Des précisions sur le télétravail

Le 16 mars dernier, Emmanuel Macron déclarait que la France se trouvait en « guerre sanitaire » et annonçait le confinement généralisé. Le même jour, le ministère du Travail précisait, dans un communiqué de presse, que le télétravail était « la règle impérative pour tous les postes qui le permettent ».

Mais cette forme d’organisation du travail est encore peu répandue au sein des entreprises françaises, et les structures et leurs salariés ont dû brutalement s’adapter.

Une définition

Le télétravail est défini par l’article L. 1222-9 du Code du travail comme « toute forme d’organisation du travail dans laquelle un travail qui aurait également pu être exécuté dans les locaux de l’employeur est effectué par un salarié hors de ces locaux de façon volontaire en utilisant les technologies de l’information et de la communication ».

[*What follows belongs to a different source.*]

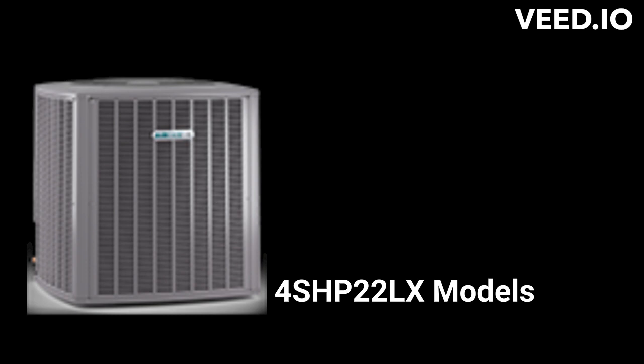The 4SHP-22LX is an ultimate heat pump with a 9.5 HSPF-2 heating efficiency and a pretty decent guarantee. They feature true variable speed compressors that change their speed in precise increments to provide longer, gentler run cycles for ultimate comfort.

Il peut être régulier ou occasionnel, prendre plusieurs formes et s’exercer sur des lieux différents.

Il recouvre ainsi une multitude de situations différentes, allant du salarié qui bénéficie d’une journée de travail à la maison à celui qui utilise ponctuellement les technologies de l’information et de la communication (envoi d’email, conférences téléphoniques etc.) pendant ses déplacements.

Le télétravail doit faire l’objet d’un accord entre le salarié et son employeur. Généralement, il fait l’objet d’une charte.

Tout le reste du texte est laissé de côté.